## BRIEF
Search the listing for the string "Black". Copy every line that has it.

## DATA TO PROCESS
=====
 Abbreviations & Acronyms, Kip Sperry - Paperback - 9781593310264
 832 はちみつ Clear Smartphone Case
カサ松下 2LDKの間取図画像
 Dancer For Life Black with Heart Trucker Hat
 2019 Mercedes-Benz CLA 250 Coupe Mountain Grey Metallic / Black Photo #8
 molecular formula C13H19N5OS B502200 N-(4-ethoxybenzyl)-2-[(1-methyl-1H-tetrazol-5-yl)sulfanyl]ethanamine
=====
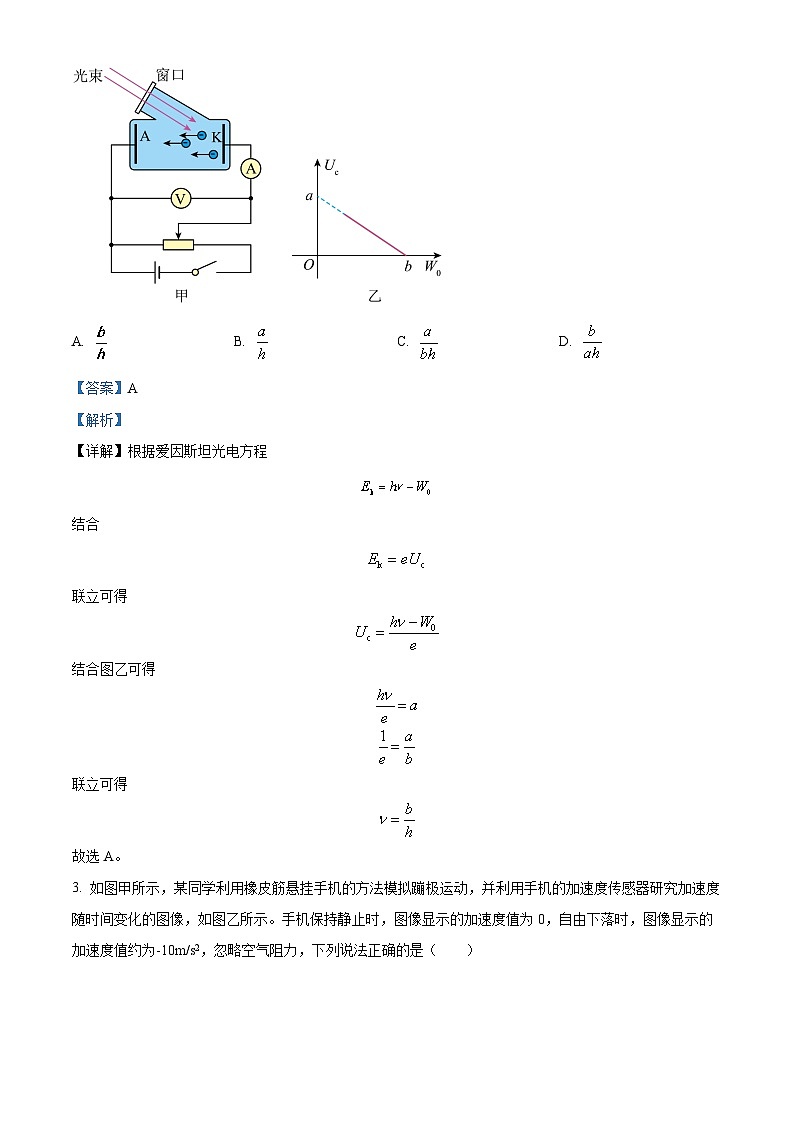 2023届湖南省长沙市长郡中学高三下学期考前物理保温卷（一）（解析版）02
=====
## ANSWER BOX
 Dancer For Life Black with Heart Trucker Hat
 2019 Mercedes-Benz CLA 250 Coupe Mountain Grey Metallic / Black Photo #8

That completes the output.